Armel Uwikunze, blogueur :

« J’écris parce qu’il m’est impossible de rester silencieux. Silencieux face à la descente aux enfers de mon pays, le Burundi, face à mes rêves d’un avenir radieux pour mon pays, qui s’éloignent de jour en jour. J’écris aussi parce que c’est la seule arme que je sais manier et parce que la guerre des idées est la seule sorte de violence que je tolère. »

Discrets et subtils, ils ont appris à ruser avec la censure et éviter l’œil inquisiteur des autorités locales et nationales.

Franck Boni, blogueur et consultant :

« Dans la situation de crise qu’a connue mon pays, la Côte d’Ivoire, écrire sur la situation de l’époque, c’était s’exposer au courroux des belligérants… Pour ma part, j’ai produit des articles sous anonymat, seul moyen de contourner la censure de la peur. L’usage d’une tournure ironique permet d’éviter l’affrontement direct ou même de brouiller les pistes. »

Ils ont en réserve beaucoup de fraîcheur et évoluent au sein de collectifs, au contraire de leurs confrères se disant influenceurs, qui prônent l’individualisme. Ces derniers sont à la famille des blogueurs ce que les sapeurs sont à la scène artistique africaine : creux, prévisibles et bavards. En étalant leurs petits tas d’émois sur la blogosphère à coups de hashtags rageurs, de graphiques flatteurs et de vidéos nombrilistes, les influenceurs ne changent en rien l’ordre établi à Dakar, à Cocody ou à Conakry.

Dialogue et préjugés

A mille lieues des spasmes des influenceurs, les blogueurs rencontrés à Abidjan travaillent dans des conditions autrement périlleuses. Ils rendent compte des régions peu accessibles, d’où leur précieuse contribution.

Didier Makal, journaliste et assistant à l’université de Lubumbashi :

« Nos critiques sur le processus d’identification dans le Nord-Kivu, dans le très meurtri territoire de Beni, enclavé, ont obligé un député à mettre la pression sur les autorités administratives et sur la Commission électorale afin de permettre à nos compatriotes de s’enregistrer et d’espérer se donner la chance d’être représentés dans les parlements. »

S’ils rencontrent des défis, il leur arrive aussi de recevoir des marques d’attention de la part de leurs premiers lecteurs, leurs voisins ou leurs jeunes compatriotes.

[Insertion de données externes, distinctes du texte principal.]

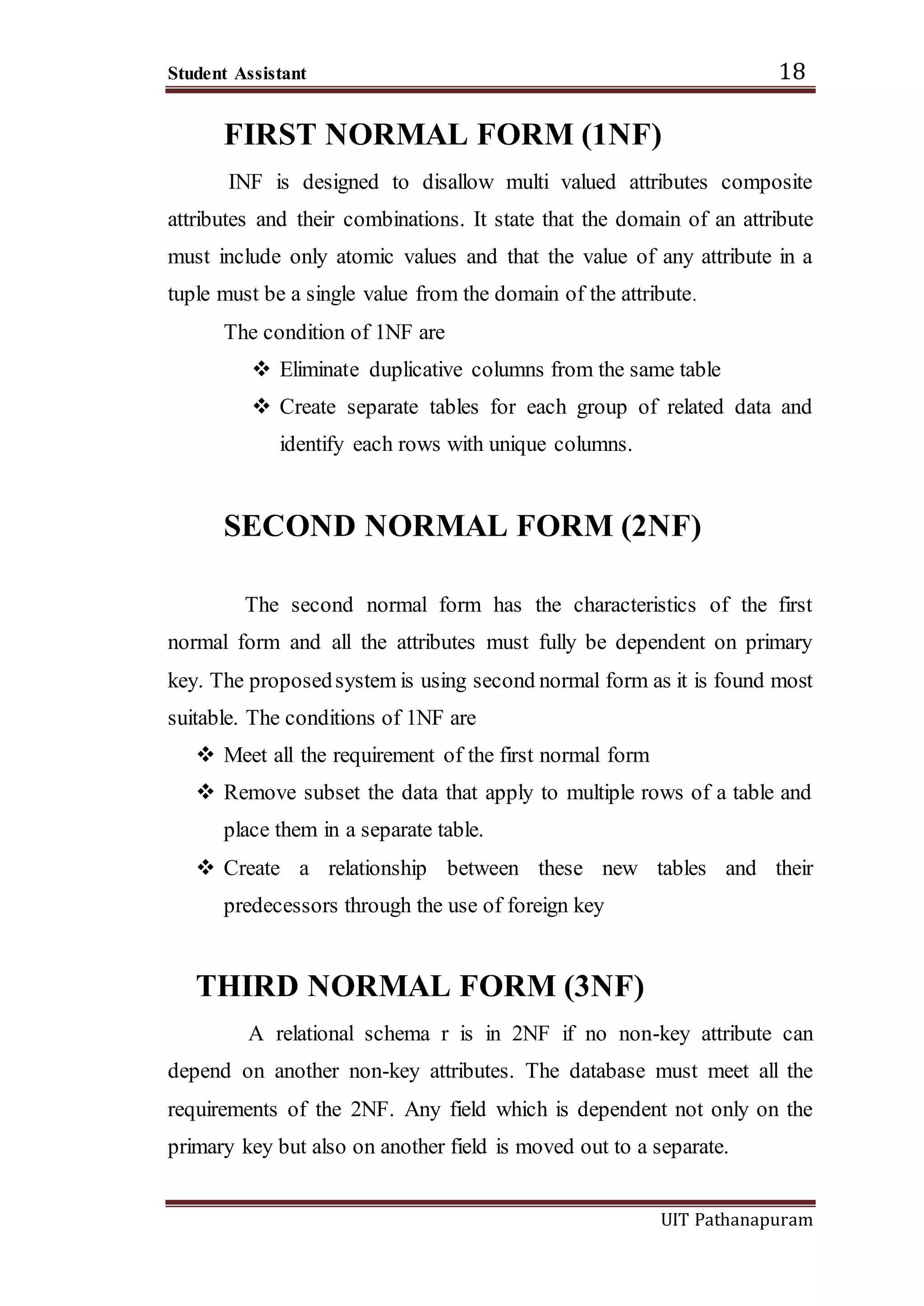 Student Assistant 18
UIT Pathanapuram
FIRST NORMAL FORM (1NF)
INF is designed to disallow multi valued attributes composite
attributes and their combinations. It state that the domain of an attribute
must include only atomic values and that the value of any attribute in a
tuple must be a single value from the domain of the attribute.
The condition of 1NF are
 Eliminate duplicative columns from the same table
 Create separate tables for each group of related data and
identify each rows with unique columns.
SECOND NORMAL FORM (2NF)
The second normal form has the characteristics of the first
normal form and all the attributes must fully be dependent on primary
key. The proposedsystem is using second normal form as it is found most
suitable. The conditions of 1NF are
 Meet all the requirement of the first normal form
 Remove subset the data that apply to multiple rows of a table and
place them in a separate table.
 Create a relationship between these new tables and their
predecessors through the use of foreign key
THIRD NORMAL FORM (3NF)
A relational schema r is in 2NF if no non-key attribute can
depend on another non-key attributes. The database must meet all the
requirements of the 2NF. Any field which is dependent not only on the
primary key but also on another field is moved out to a separate.
 
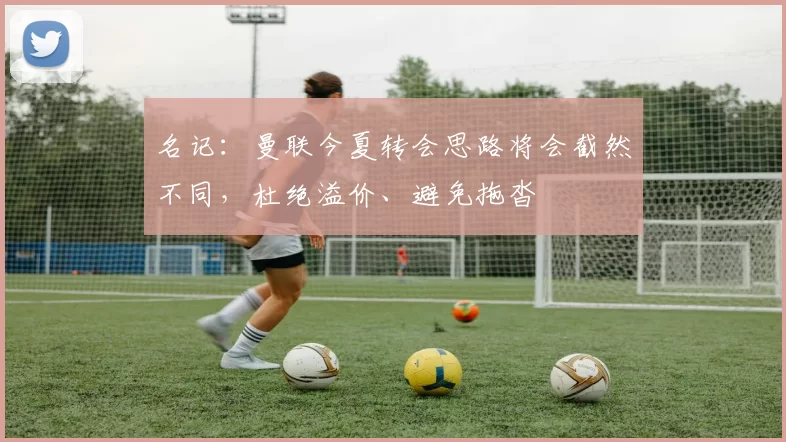 名记：曼联今夏转会思路将会截然不同，杜绝溢价、避免拖沓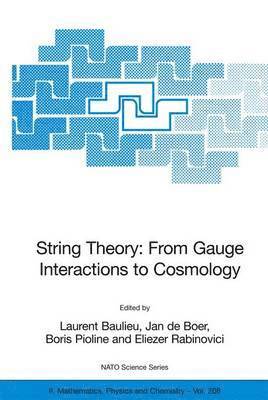 bokomslag String Theory: From Gauge Interactions to Cosmology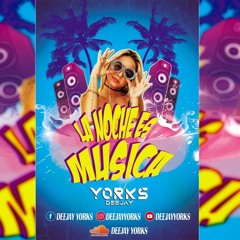 LA NOCHE ES MUSICA LIVE SET DJ YORKS ( GUARACHA ALETEO ZAPATEO )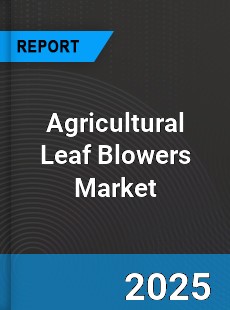Global Agricultural Leaf Blowers Outlook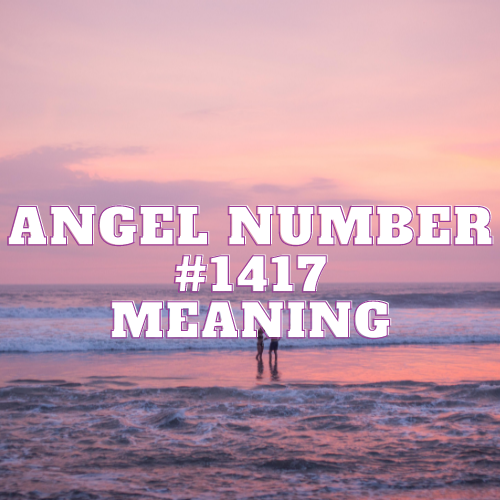 Angel Number 1417 Meaning, Symbolism, Twin Flame, Love, Relationship, Money, Biblical, Work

Avec ces derniers, quand le dialogue s’engage, les préjugés peuvent tomber.

Spageon Nagbo, blogueur et éditeur en kirundi :

« Un de mes lecteurs m’a dit un jour qu’il était surpris par la différence entre l’image que renvoie mon blog et celle qu’il avait en face de lui, sous ses yeux… Or je considère que l’interprétation d’un message dépend davantage du lecteur que de l’auteur. Alors, dans une situation de crise, ceci peut faire de nous des personnes à risque. »

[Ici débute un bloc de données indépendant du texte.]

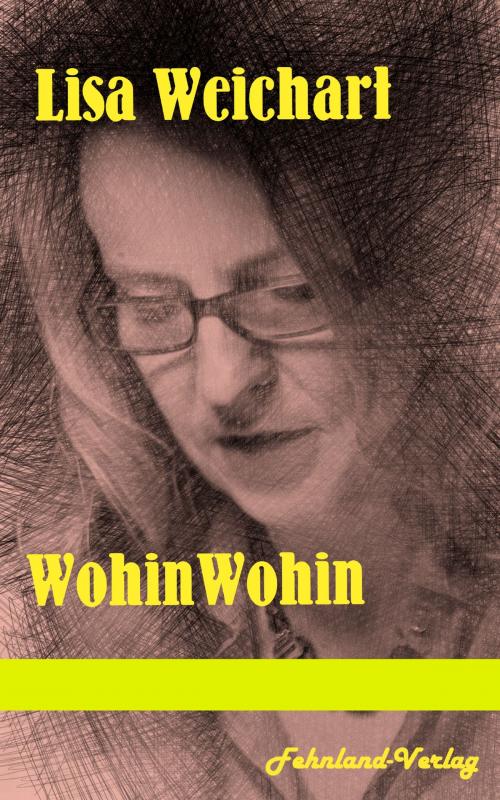Cover of the book WohinWohin by Lisa Weichart, Fehnland-Verlag
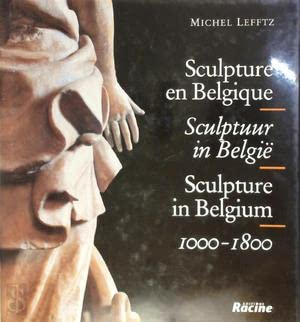 Sculpture en Belgique. Sculptuur in België. Sculpture in Belgium, 1000-1800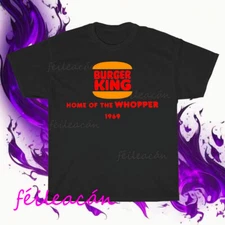 Brand New Burger King Home Of The Whopper 1969 Logo T-Shirt Funny Size S to 5XL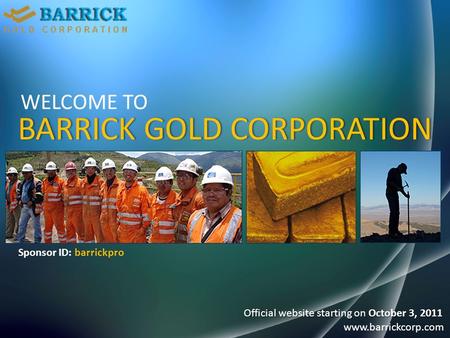 WELCOME TO BARRICK GOLD CORPORATIONBARRICK GOLD CORPORATION www.barrickcorp.com Official website starting on October 3, 2011 Sponsor ID: barrickpro.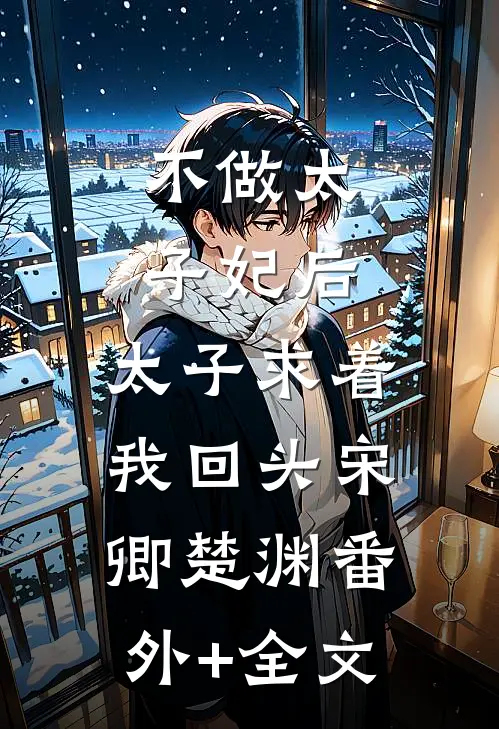 不做太子妃后，太子求着我回头宋卿楚渊(番外)+(全文)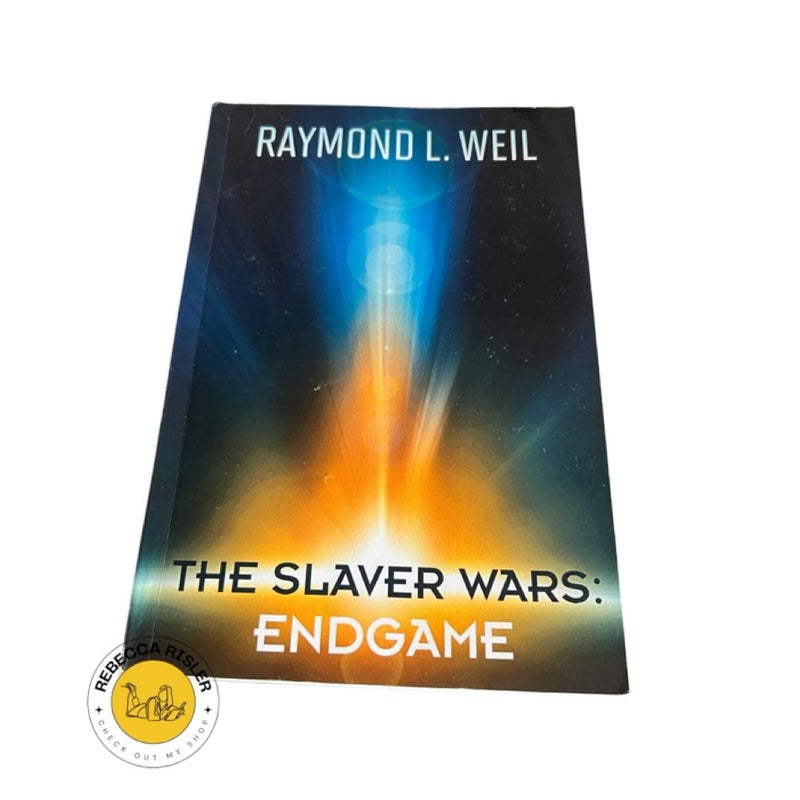 The Slaver Wars: Endgame Book 7 of 7: The Slaver Wars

Certains d’entre eux sont déjà parents, ils ont tous la tête sur les épaules. Je ne serais pas étonné de les retrouver en position de leadership au Kivu ou ailleurs. Souhaitons-leur bonne route.

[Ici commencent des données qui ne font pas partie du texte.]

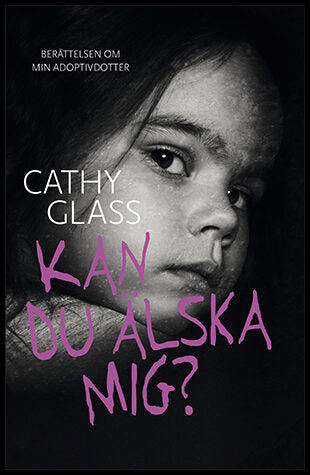 Glass, Cathy | Kan du älska mig? : Berättelsen om min adoptivdotter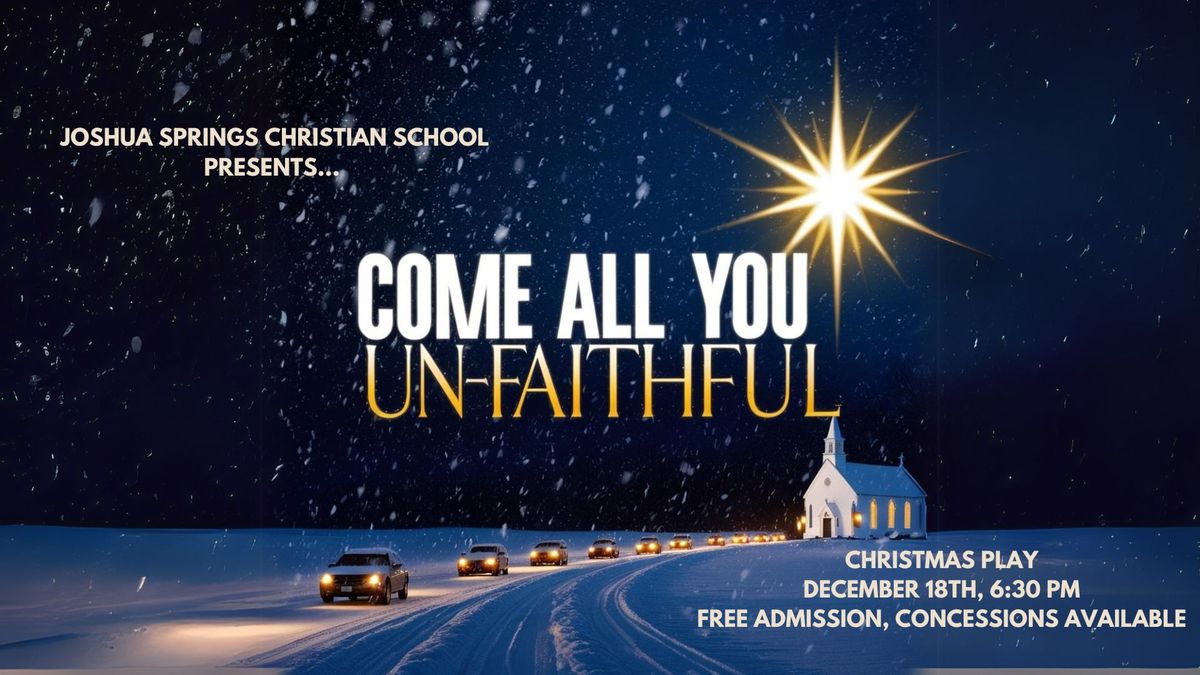 JSCS Children's Christmas Play "Come All You Un-Faithful"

Abdourahman A. Waberi est né en 1965 dans l’actuelle République de Djibouti. Il vit entre Paris et les Etats-Unis, où il a enseigné les littératures francophones aux Claremont Colleges (Californie). Il est aujourd’hui professeur à George-Washington University. Auteur, entre autres, d’Aux Etats-Unis d’Afrique (éd. J.-C. Lattès, 2006) et de La Divine Chanson (éd. Zulma, 2015). En 2000, Abdourahman Waberi avait écrit un ouvrage à mi-chemin entre fiction et méditation sur le génocide rwandais, Moisson de crânes (ed. Le Serpent à plumes), qui vient d’être traduit en anglais, Harvest of Skulls (Indiana University Press, 2017).